Se il concerto di Kevin Morby alla Rock School Barbey di Bordeaux fosse una favola, inizierebbe, probabilmente, proprio in questo modo. Di certo la scenografia fiabesca presentata sul palco ha spinto una gran parte del pubblico a pensare alla performance in questi termini: quattro rose, bianche e rosse, avvolte all’asta di ogni microfono e dell’ovatta sintetica, adagiata per terra a mò di cornice celestiale.
Per questa tournèe Morby fa una scelta minimalista ed opta per l’accompagnamento di un solo trombettista. Il concerto si apre senza troppi preamboli sulle note di “Oh My God”, tratta dall’omonimo ultimo disco. “Chi dice nuovo tour dice nuovo completo” aveva dichiarato il cantante sul suo account instagram qualche tempo prima. Effettivamente la scelta dell’abito di scena non delude per niente. Mani giunte in preghiera a sottolineare la piega delle ginocchia, candele rosse avvolte da nastri dorati in vita e sulla schiena un trionfo di ali che circondano la scritta “Oh My God”.
Un buon inizio che prosegue con le due pepite “Hail Mary” e “Savannah”. Morby, fino ad allora piuttosto serio e concentrato, saluta la platea abbozzando un “merci!”. “Seven Devils” scalda gli spiriti ed a partire da questo momento il musicista inaugura un nuovo balletto che lo vede passare dalla chitarra alla tastiera con giravolte fluide, ma pacate.
“O Behold”, “No Halo” e “Crybaby” s’infilano, l’una dopo l’altra, come perle lungo la stessa collana luminosa. Se i toni del live sono quasi troppo solenni ed in linea con le tematiche del nuovo album fino a questo punto, la svolta non tarda a farsi strada.
Il tuffo sempre rinfrescante nel passato arriva, infatti, poco dopo con la tripletta “Beautiful Strangers”, “Destroyer” e “I Have Been to the Mountain”. Il pubblico si ritrova, improvvisamente, ad assumere il ruolo di coro sorridente ed appassionato, ed accompagna il sound di Morby battendo le mani in modo effervescente.
Morby saluta la platea e ringrazia tutti per la magica serata. Il pubblico protesta energicamente per quella fine annunciata troppo prematuramente. L’artista, dal canto suo, si lascia sfuggire un caldo sorriso sornione prima di aggiungere: “Lo sapete che se continuate ad applaudire così noi torniamo, vero?”.

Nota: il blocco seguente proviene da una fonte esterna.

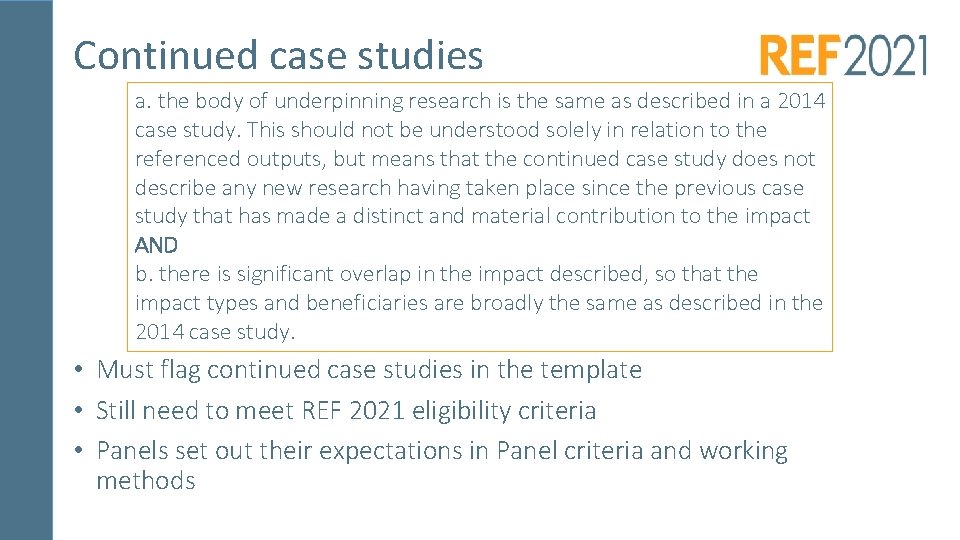 Continued case studies a. the body of underpinning research is the same as described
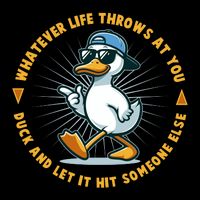 Funny Whatever Life Throws At You Duck And Let Hit Someone Else  Backpack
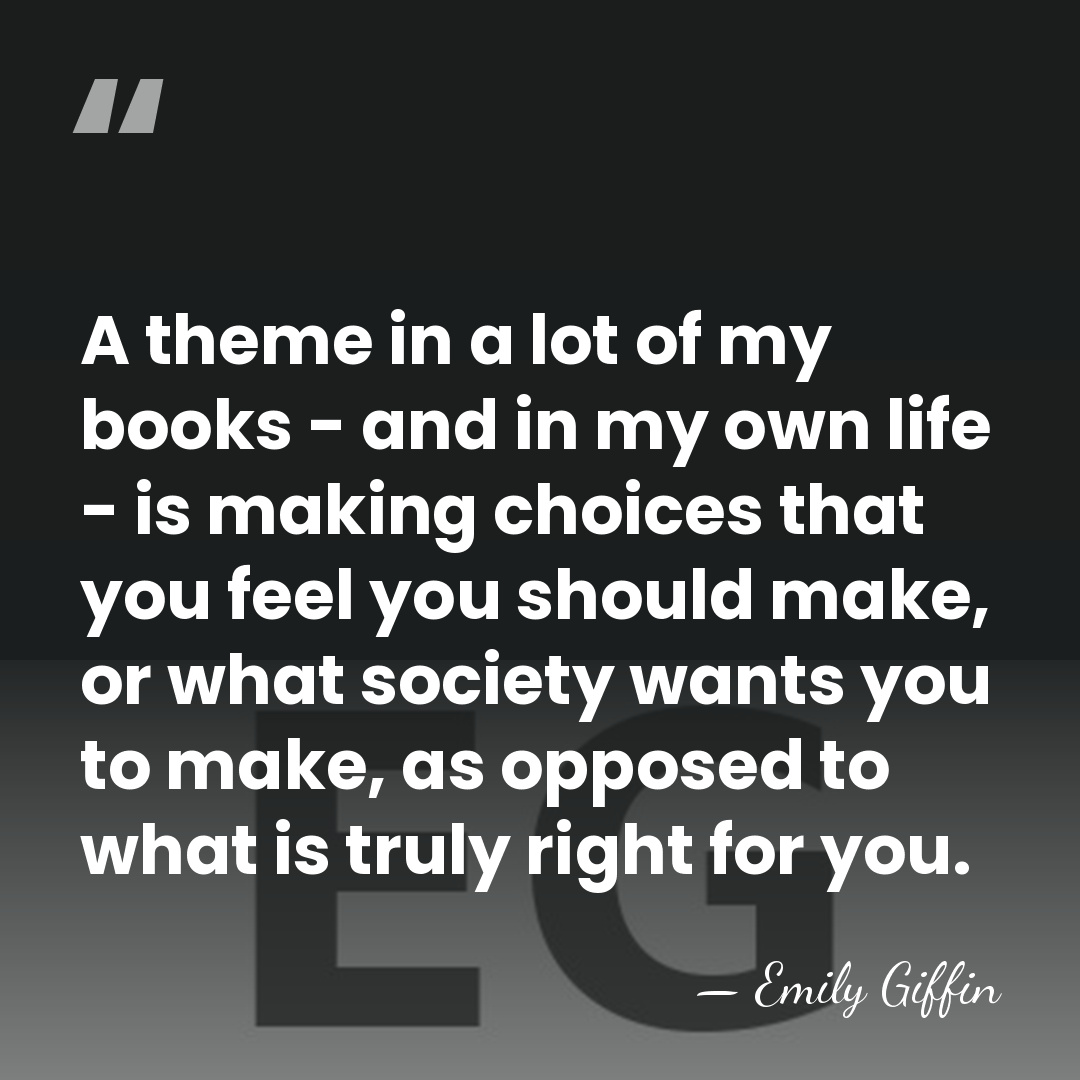 A theme in a lot of my books - and in my&hellip; - Emily Giffin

L’attesa per l’encore dura a pena due sorsi di birra. Morby torna sul palco a grandi falcate, regalandoci una versione di “Parade” con una chitarra galoppante che è una vera festa per le orecchie. Segue repentino il medley “Harlem River – City Music”. Una bomba rock, a tratti folk, in alcuni punti quasi stranamente jazz, soprattutto grazie al geniale contributo del trombettista. Un ultimo e ricchissini colpo di cannone, assestato sempre gentilmente, in pieno stile Kevin Morby. Omg, chapeau.